SQL Server 2008 R2 Resource Governor helps you allocate customers' resources and manage their workloads, but it has its limitations.

Solutions provider takeaway: If your customers are using legacy versions of SQL Server, they may be interested in upgrading to a new SQL Server 2008 R2 feature called the Resource Governor when R2 comes out later this year. The Resource Governor breaks incoming requests into distinct workloads and allows you to set thresholds on the resources that each individual workload can consume.

More on SQL Server 2008 R2:

New SQL Server 2008 R2 editions, features and licensing

SQL Server 2008 R2 could drop in May

In these economically challenging times, organizations are attempting to reduce costs by making better use of their database servers. In doing so, some of your customers may attempt to consolidate multiple SQL databases on a single server to reduce hardware and licensing costs. You may have other customers who attempt to consolidate their data into a single SQL Server database to avoid maintaining multiple instances of the same data.

Although these approaches do work relatively well, they are not without drawbacks. For instance, it is possible for a runaway query to exhaust the SQL Server of memory or CPU resources to the point that other sessions become unresponsive.
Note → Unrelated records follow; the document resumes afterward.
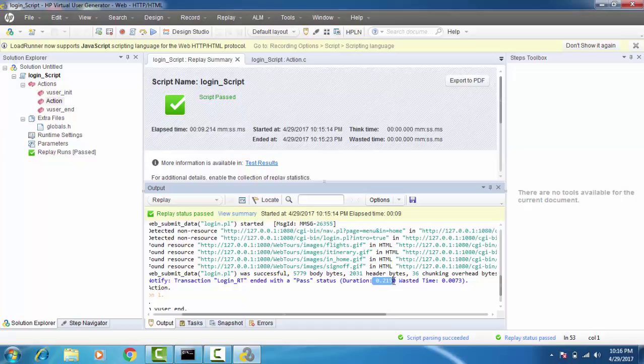Are there industry standards for response times? Yes — if the application takes less than two seconds, we call it fast. If the response time is greater than two seconds, we say the application is slow. Here we've found that our application is super fast. Thanks for joining the demo and we'll see you in the class. Goodbye.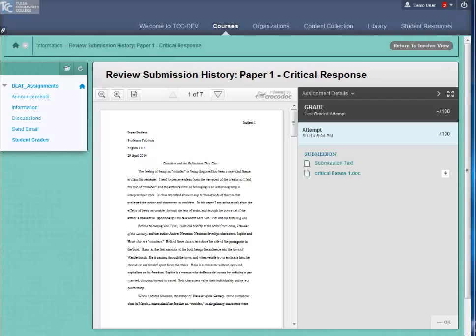If you find you need to resubmit your assignment, you will need to contact your instructor.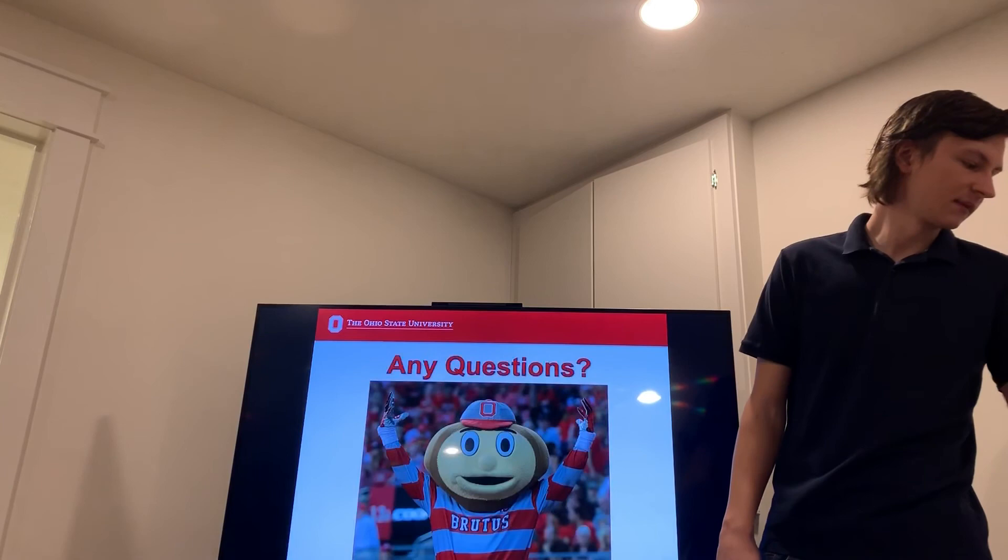I'll be now taking time to answer any questions. And here's my reference list. I'll see you next time. Thank you.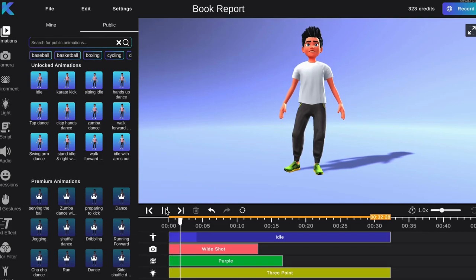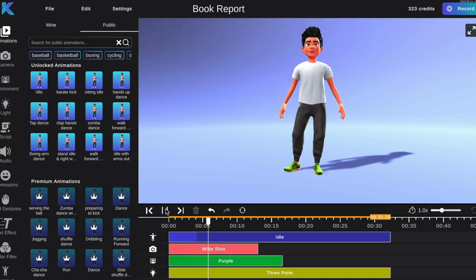Welcome to the Crikey Editor. Ready to learn how to make your own animated book report? Let's get started.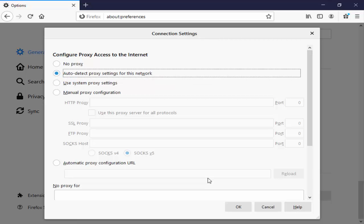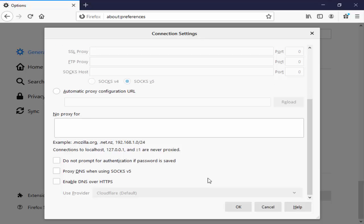Scroll down. Now here you check this enable DNS over HTTPS.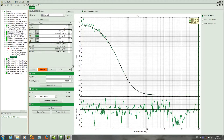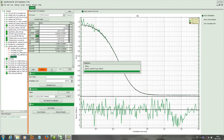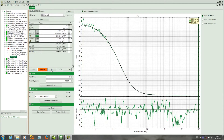Here especially the diffusion time is fitted. Now we have to enter the known diffusion coefficient and fit again to update the calculation of the confocal volume. As you can see, three confocal volumes are calculated: the upper one from the concentration, which is not known in this case; the second from the diffusion coefficient we just entered; and the third is the mean of both.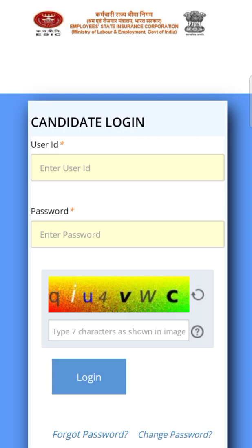After entering, you will see your application form details. In the top right corner, there will be a 'More Options' button — when you click that, you will see the Admit Card option. If you click on that, a small window will pop up which will have your admit card.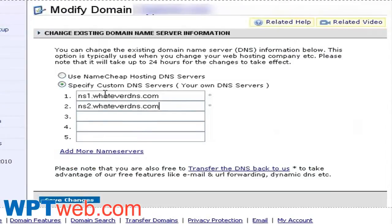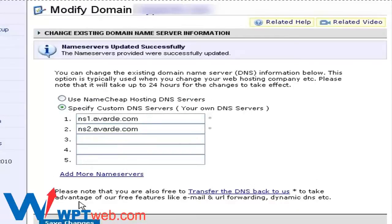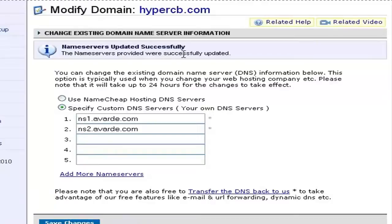Then, as you can see here, please select 'Specify Custom DNS Servers' and put in the first and second name server — NS1 and NS2 — as given by your web hosting provider, and then click on save changes. If you have entered the name servers correctly, you should see a message that says name servers updated successfully. You may have to wait up to 8 hours for the settings to take place.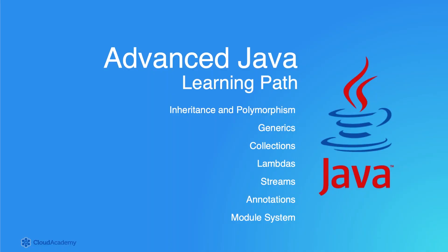Having completed this Learning Path, we recommend that you then consider taking the complementing Advanced Java Learning Path. The Advanced Java Learning Path extends on this learning path by taking you deeper into the language, exploring advanced and specialized areas such as inheritance and polymorphism, generics and collections, lambdas, streams, annotations, the new module system, and much, much more.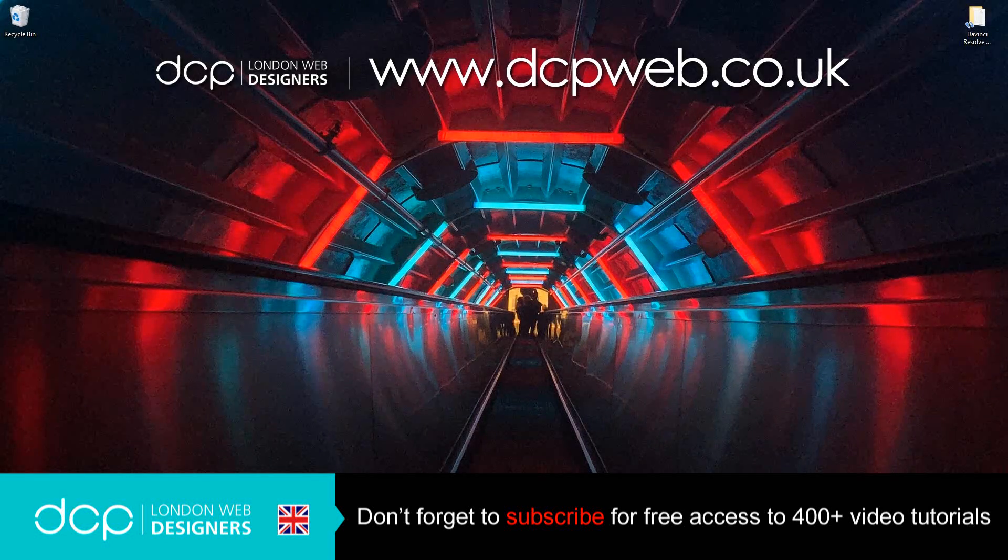Hi and welcome to this DCP web tutorial. In today's tutorial I'm going to show you how to download and install DaVinci Resolve 16 onto your Windows 10 computer.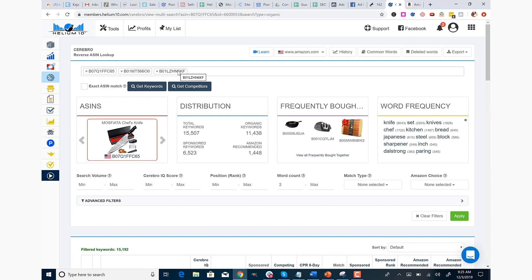We wouldn't want to miss out on that first ASIN, and that's the reason why it's suggested that you use a non-ranking ASIN — or not really a big competitor — as your first ASIN, unless of course you can use your own ASIN, which works too.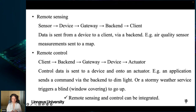Together, remote sensing and remote control enable IoT devices to be monitored and controlled from anywhere in the world, allowing for increased efficiency, convenience, and automation in applications such as home automation, agriculture, and industrial control systems.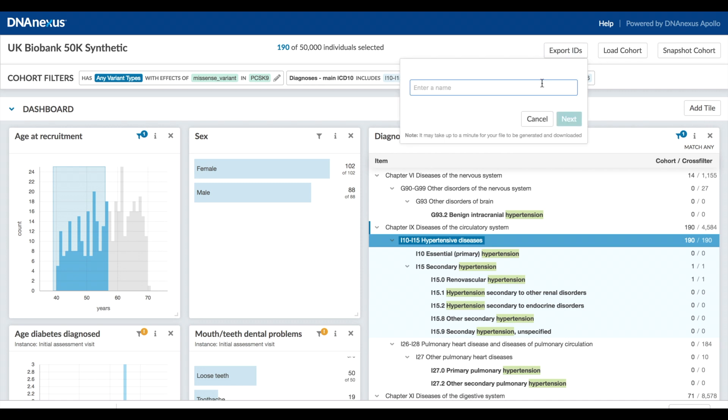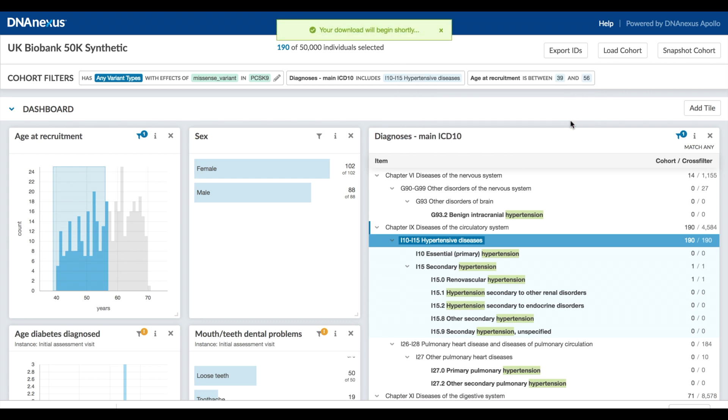Or as another option, simply export the sample IDs corresponding to your cohort. Where you go from there is entirely up to you.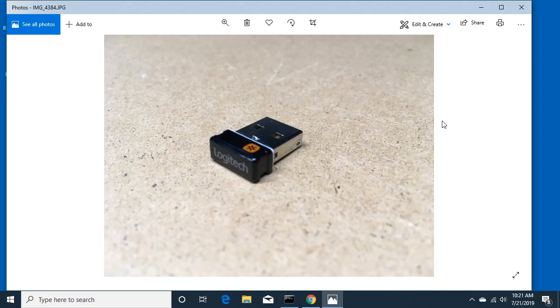Welcome. In this video I'm going to be talking about the Logitech Unified Receiver and how to update the firmware on it.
If a SQL Server is hosting multiple SQL databases, a heavily used database can consume so many resources that it effectively diminishes the performance of all of the databases on the server.

In these situations, using the SQL Server 2008 R2 Resource Governor will help your customers organize workloads and determine the amount of resources that each workload can handle.

The anatomy of SQL Server 2008 R2 Resource Governor

One major misconception about the SQL Server 2008 R2 Resource Governor is that it is a mechanism for allocating server resources to SQL Server databases. Although the Resource Governor can accomplish per-database resource allocations, it is important to understand that the Resource Governor is not a database-level feature. Microsoft designed it to allocate server resources based on the particulars of an inbound request. Therefore, even if two requests were made of the same database, those requests might be allocated to different resources depending on the way that the request is classified.

It should, therefore, come as no surprise that the most critical of the Resource Governor's components is its classifier. The classifier is responsible for examining each inbound request and routing the request accordingly.

The request is routed to another resource called a workload group. Each workload group is attached to a corresponding resource pool that provides CPU and memory resources to the requests that are being serviced by the workload group. It is possible, however, for multiple workload groups to share a common pool of resources (although this may defeat the purpose of creating the various workload groups).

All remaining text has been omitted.